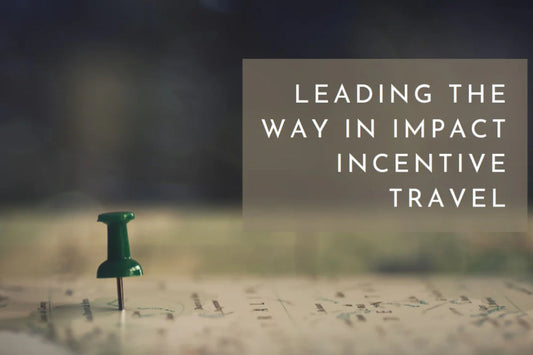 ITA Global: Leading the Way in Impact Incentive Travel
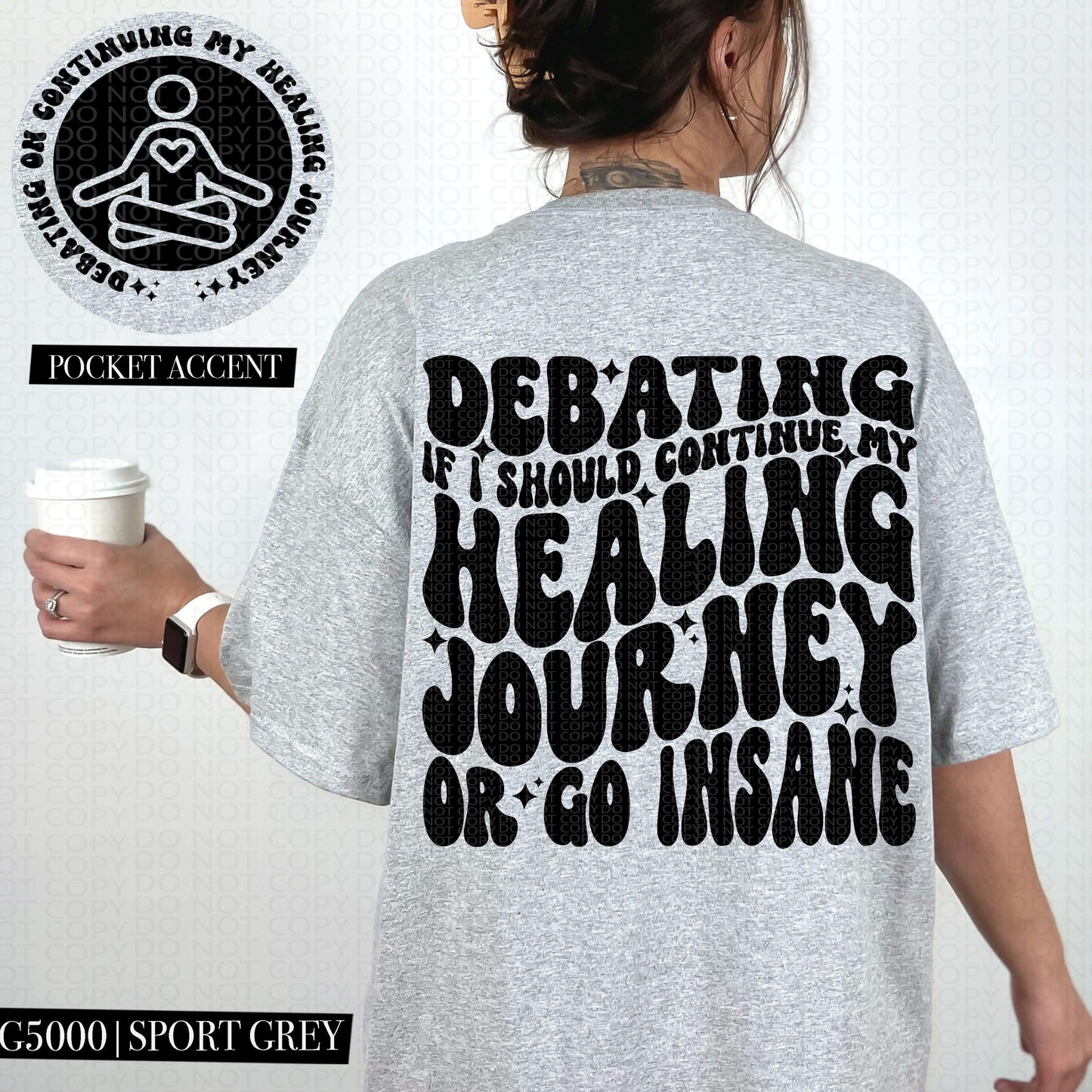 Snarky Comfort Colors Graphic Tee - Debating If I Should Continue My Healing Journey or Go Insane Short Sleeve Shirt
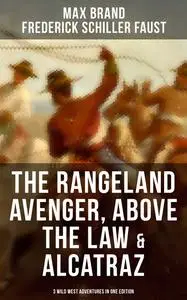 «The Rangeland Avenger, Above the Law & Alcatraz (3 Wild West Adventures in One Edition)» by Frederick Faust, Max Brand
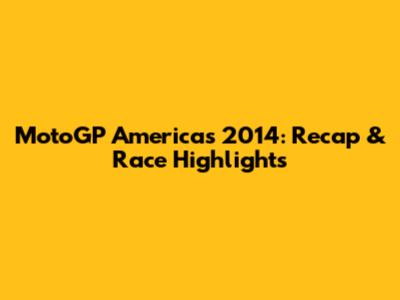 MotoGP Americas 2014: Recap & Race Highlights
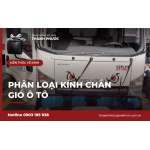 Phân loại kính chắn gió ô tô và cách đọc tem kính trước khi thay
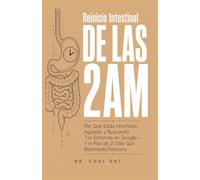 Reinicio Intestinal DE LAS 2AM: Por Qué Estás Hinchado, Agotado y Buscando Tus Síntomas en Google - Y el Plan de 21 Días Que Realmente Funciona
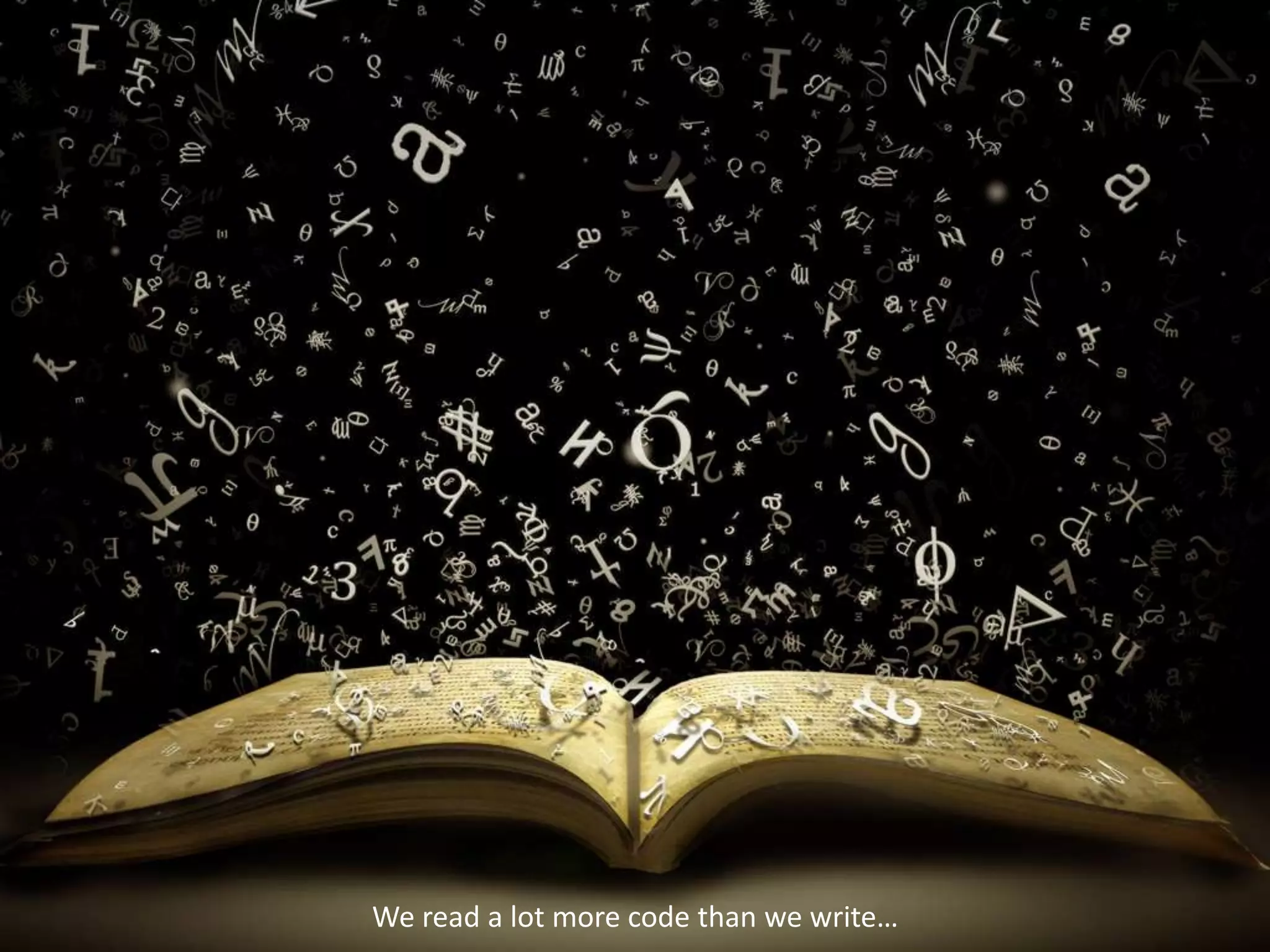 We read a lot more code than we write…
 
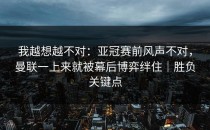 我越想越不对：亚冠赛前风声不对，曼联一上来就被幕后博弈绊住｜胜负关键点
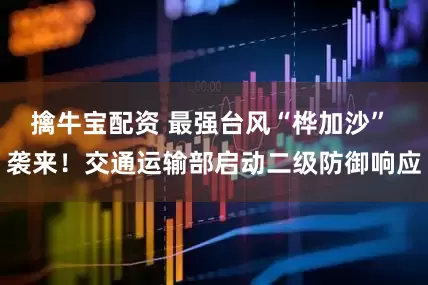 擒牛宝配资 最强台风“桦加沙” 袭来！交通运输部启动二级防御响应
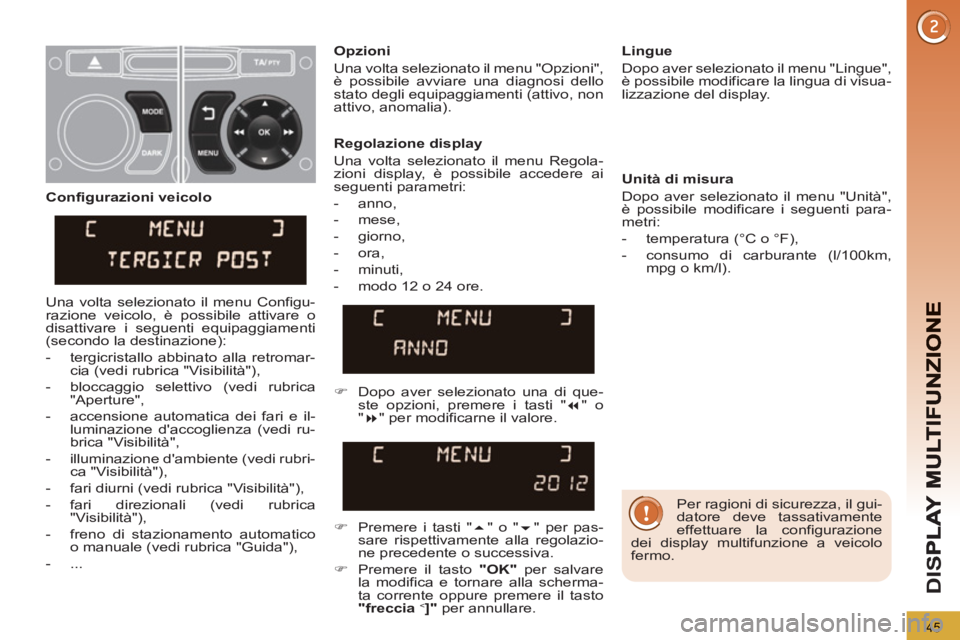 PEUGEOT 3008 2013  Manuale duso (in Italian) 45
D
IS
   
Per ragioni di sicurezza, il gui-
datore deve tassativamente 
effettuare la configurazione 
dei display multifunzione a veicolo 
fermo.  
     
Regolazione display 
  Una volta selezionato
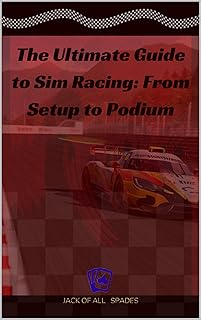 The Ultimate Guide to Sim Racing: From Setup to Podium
○ ○ ○ ○
**What is expected:** Find the line with "我越想越不对：亚冠赛前风声不对，曼联一上来就被幕后博弈绊住｜胜负关键点" and the line with "Una volta selezionato" in the records above. Copy both and all lines between them exactly, without pictures.

**Your solution:**
 我越想越不对：亚冠赛前风声不对，曼联一上来就被幕后博弈绊住｜胜负关键点
 擒牛宝配资 最强台风“桦加沙” 袭来！交通运输部启动二级防御响应
 PEUGEOT 3008 2013  Manuale duso (in Italian) 45
D
IS
   
Per ragioni di sicurezza, il gui-
datore deve tassativamente 
effettuare la configurazione 
dei display multifunzione a veicolo 
fermo.  
     
Regolazione display 
  Una volta selezionato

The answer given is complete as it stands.